The good news: tax rates, deductions, and exemptions haven’t changed.
The big difference is that the law is now much cleaner, simpler, and better organized.
2. Was the Bill passed by the Lok Sabha?
Yes. It was first presented in February 2025, passed by the Lok Sabha on August 11, 2025, passed by the Rajya Sabha the next day, and received the President’s approval on August 21, 2025.
3. Where can I download the official PDF?
You can find the official Gazette-notified Act at egazette.gov.in.
For an easier-to-read version, the Income Tax Department website (incometaxindia.gov.in) offers a section-by-section navigator and an FAQ document.
For practical help with compliance, tools like the income tax act mapper from SSFintax Advisor can be very useful.
4. What’s the one-line summary of the new Act?
536 sections, 23 chapters, 16 schedules. Same taxes, simpler law. Starts April 2026.
5. How do tax refunds work under the new Act?
Pretty much the same way. If you’ve paid more tax than you owe, you get a refund automatically when you file your return.
A notable addition: even if you file late, you can now claim TDS refunds.
Interest on delayed refunds is still 0.5% per month, and any old tax demands will be adjusted against your refund before you get it (see Section 437 for details).
6. Have tax rates changed?
No.

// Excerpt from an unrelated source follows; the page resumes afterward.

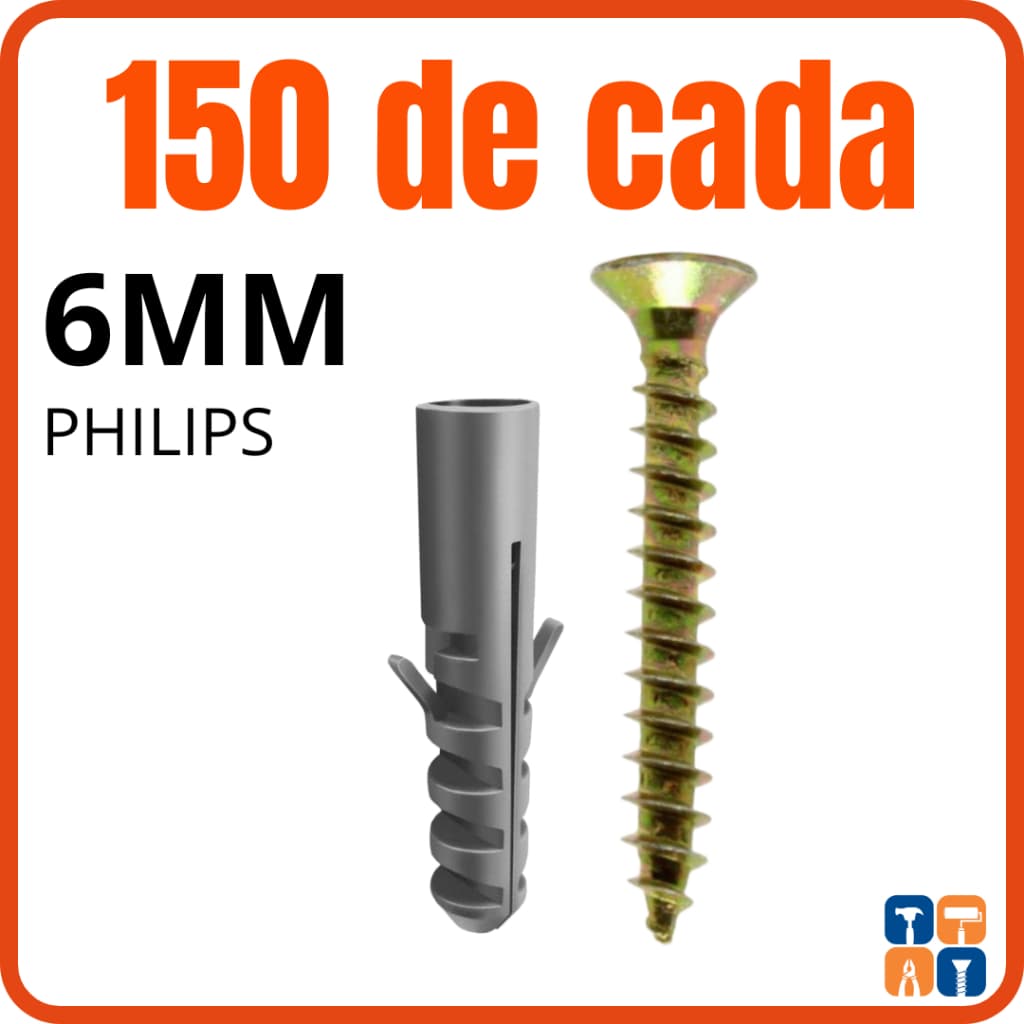 Buchas 6mm com Parafusos 6 Philips Kit Buchas 6mm para Fixação Parede Jogo Parafuso 6 com Bucha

The rates from the Finance Act 2025 continue to apply, for both the old and new tax regimes.
This means no tax on income up to ₹12 lakh under the new regime (or ₹12.75 lakh for salaried individuals).

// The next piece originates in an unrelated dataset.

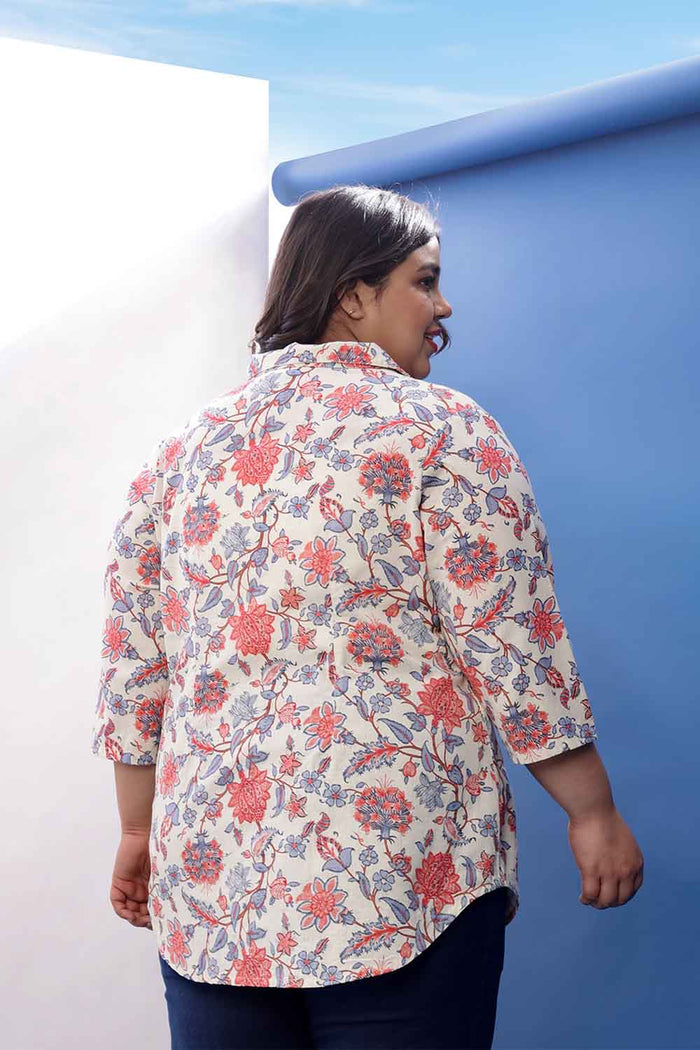Plus Size Floral Printed Cuban Collar Cotton Linen Shirt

7. When does the new Act actually start?
It becomes effective on April 1, 2026.
Everything before that date is still handled under the old 1961 Act.
No immediate disruption.
8. What’s the biggest practical change for tax professionals?
For day-to-day work, the consolidation of all TDS rules into a single section (Section 393) will be the most noticeable.
The new “Tax Year” concept (Section 3) is also a major fix, finally ending the old confusion around “previous” and “assessment” years.
If you work with NPOs or trusts, the Select Committee’s corrections to the donation rules are critical to understand.
9. Does the new Act affect ongoing tax cases or past assessments?
No. Any assessment, appeal, or legal proceeding related to a period under the old 1961 Act will continue to be handled under that Act.
The 2025 Act does not apply retroactively.